Last week on twitter Maish asked a question that got me thinking. Actually, I have been thinking about this for a while now. The question deals with how you design your infrastructure for the various types of workloads (pets and cattle). Whether your workload falls in the “pet” category or the “cattle” category. (If you are not familiar with the terms pets/cattle read this article by Massimo)

I asked Maish what it actually means for your infrastructure, and at the same time I gave it some more thought over the last week. Cattle is the type of application architecture which handles failures by providing a distributed solution, it scales out instead of up typically, the VMs are disposable as they usually won’t hold state. With pets this is different, they typically scale up and resiliency is often provided by either a 3rd party clustering mechanism or the infrastructure under neath, in many cases contain state and recoverability is key. As you can imagine both types of workloads have different requirements of the infrastructure. Going back to Maish’s question, I guess the real question is if you can afford the “what it means for the underlying infrastructure”. What do I mean with that?

If you look at the requirements of both architectures, you could say that “pets” will typically demand more from the underlying infrastructure when it comes to resiliency / recoverability. Cattle will have less demands from that perspective but flexibility / agility is more important. You can imagine that you could implement two different infrastructure architectures for these specific workloads, but does this make sense? If you are Netflix, Google, Youtube etc then it may make sense to do this due to the scale they operate at and the fact that IT is their core business. In those cases “cattle” is what drives the business, and there are back-end systems. Reality is though that for the majority this is not the case. Your environment will be a hybrid, and more than likely “pets” will have the overhand as that is simply what the state of the world is today.

That does not mean they cannot co-exist. That is what I believe is the true strength of virtualization, it allows you to run many different types of workloads on the same infrastructure. Whether that is your Exchange environment or your in-house developed scale out web application which serves hundreds of thousands of customers does not make a difference to your virtualization platform. From an operational perspective the big benefit here is that you will not have to maintain different run books to manage your workloads.
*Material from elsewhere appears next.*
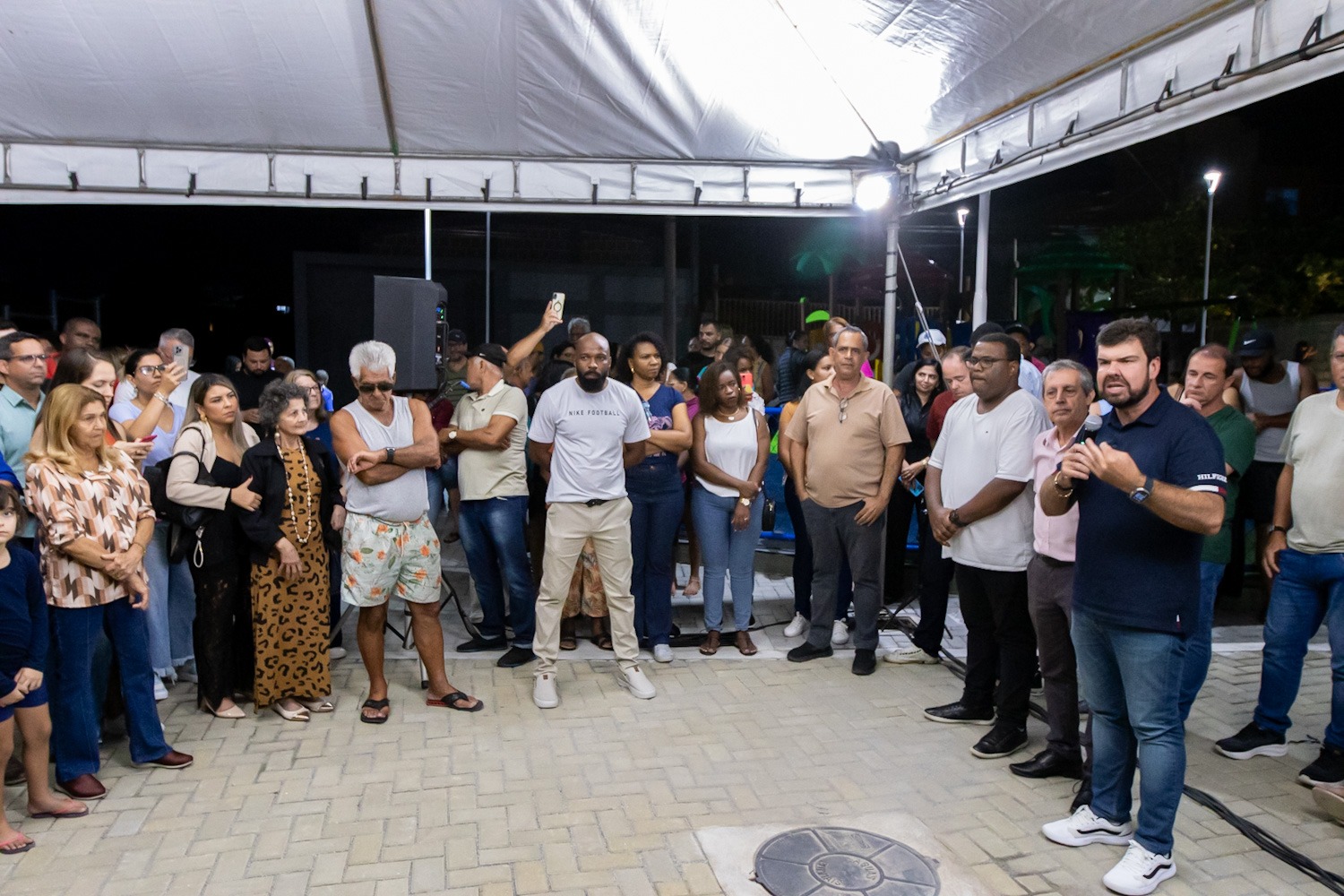 Novo espaço de lazer é entregue à comunidade do Sol y Mar, em Macaé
From an ops perspective they will look  the same on the outside, although they may differ on the inside. What may change though is the services required for those systems, but with the rich ecosystem available for virtualization platforms these days that should not be a problem. Need extra security / microsegmentation? VMware NSX can provide the security isolation needed to run these applications smoothly. Sub milliseconds latency requirements? Plenty of storage / caching solutions out there that can deliver this!
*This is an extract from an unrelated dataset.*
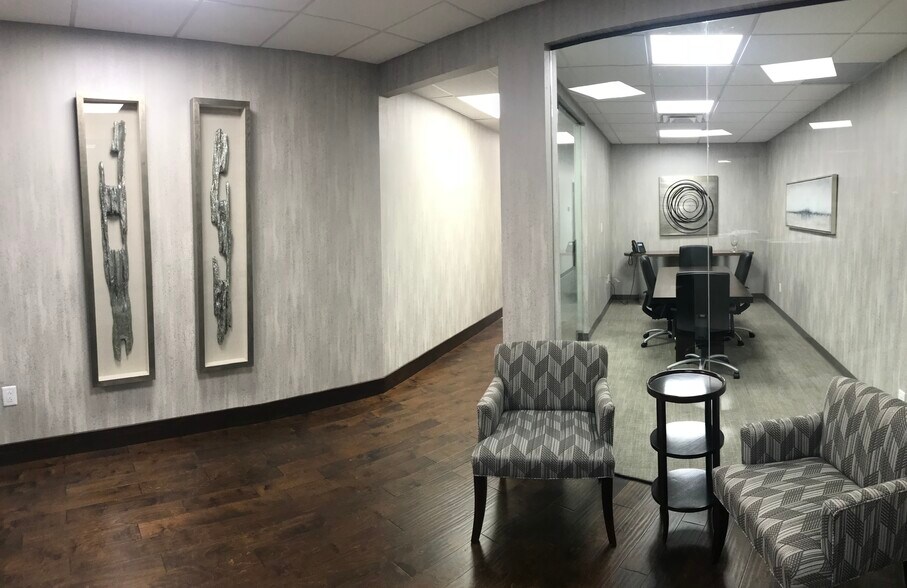 More Photos Of 5519 E 82nd St, Indianapolis Unknown For Lease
Will the application architecture shift that is happening right now impact your underlying infrastructure? We have made these huge steps in operational efficiency in the last 5 years, and with SDDC we are about to take the next big step, and although I do believe that the application architecture shift will result in infrastructure changes lets not make the same mistakes we made in the past by creating these infrastructure silos per workload. I strongly believe that repeatability, consistency, reliability and predictability are key and this starts with a solid, scalable and trusted foundation (infrastructure).

Re: Re: The Rack Endgame: A New Storage Architecture For the Data Center

I was reading Frank Denneman’s article with regards to new datacenter architectures. This in its turn was a response to Stephen Fosket’s article about how the physical architecture of datacenter hardware should change. I recommend reading both articles as that will give a bit more background, plus they are excellent reads by itself. (gotta love these blogging debates) Lets start with an out take of both articles which summarizes blog posts for those who don’t want to read the full article.

Stephen:
Top-of-rack flash and bottom-of-rack disk makes a ton of sense in a world of virtualized, distributed storage. It fits with enterprise paradigms yet delivers real architectural change that could “move the needle” in a way that no centralized shared storage system ever will. SAN and NAS aren’t going away immediately, but this new storage architecture will be an attractive next-generation direction!

If you look at what Stephen describes I think it is more or less in line with what Intel is working towards. The Intel Rack Scale Architecture aims to disaggregate traditional server components and then aggregate by type of resource backed by a super performing and optimized rack fabric. Rack fabric enabled by the new photonic architecture Intel is currently working on. This is not long term future, this is what Intel showcased last year and said to be available in 2015 / 2016.

Frank:
The hypervisor is rich with information, including a collection of tightly knit resource schedulers. It is the perfect place to introduce policy-based management engines. The hypervisor becomes a single control plane that manages both the resource as well as the demand. A single construct to automate instructions in a single language providing a correct Quality of Service model at application granularity levels. You can control resource demand and distribution from one single pane of management. No need to wait on the completion of the development cycles from each vendor.

There’s a bit in Frank’s article as well where he talks about Virtual Volumes and VAAI and how long it took for all storage vendors to adopt VAAI and how he believes that the same may apply to Virtual Volumes and Frank aims more towards the hypervisor being the aggregator instead of doing it through changes in the physical space.

So what about Frank’s arguments? Well Frank has a point with regards to VAAI adoption and the fact that some vendors took a long time to implement these. However, reality is though that Virtual Volumes is going full steam ahead. With many storage vendors demoing it at VMworld in San Francisco last week I have the distinct feeling that things will be different this time. Maybe timing is part of it, as it seems that many customers or on a crosspoint and want to optimize their datacenter operations / architecture by adopting SDDC, of which policy based storage management happens to be a big chunk.

I agree with Frank that the hypervisor is positioned perfect to be that control plane. However, in order to be that control plane for the future there needs to be a way to connect “things” to it which allows for far better scale and more flexibility. VMware, if you ask me, has done that for many parts of the datacenter but one aspect that stills needs to be overhauled for sure is storage. VAAI was a great start, but with VMFS there simply are too many constraints and it doesn’t cater for granular controls.

I feel that the datacenter will need to change on both ends in order to take that next step in the evolution to the SDDC. Intel Rack Scale architecture will allow for far greater scale and efficiency then seen ever before. But it will only be successful when the layer that sits on top has the ability to take all of these disaggregated resources, turn them in to large shared pools and allows to assign resources in a policy driven (and programmable) manner. Not just assign resources but also allow you to specify what the level of availability (HA, DR but also QoS) should be for whatever consumes those resources. Granularity is important here and of course it shouldn’t stop with availability but applies to any other (data) service that one may require.

So where does what fit in? If you look at some of the initiatives that were revealed at VMworld like Virtual Volumes, Virtual SAN and vSphere APIs for IO Filters you can see where the world is moving towards fast. You can see how vSphere is truly becoming that control plane for all resources and how it will be able to provide you end-to-end policy driven management. In order to make all of this reality the current platform will need to change. Changes that allow for more granularity /flexibility and higher scalability and that is where all these (new) initiatives come in to play. Some partners may take longer to adopt than others, especially those that require fundamental changes to the architecture of underlaying platforms (storage systems for instance), but just like with VAAI I am certain that over time this will happen as customers will drive this change by making decisions based on availability of functionality.

Exciting times ahead if you ask me.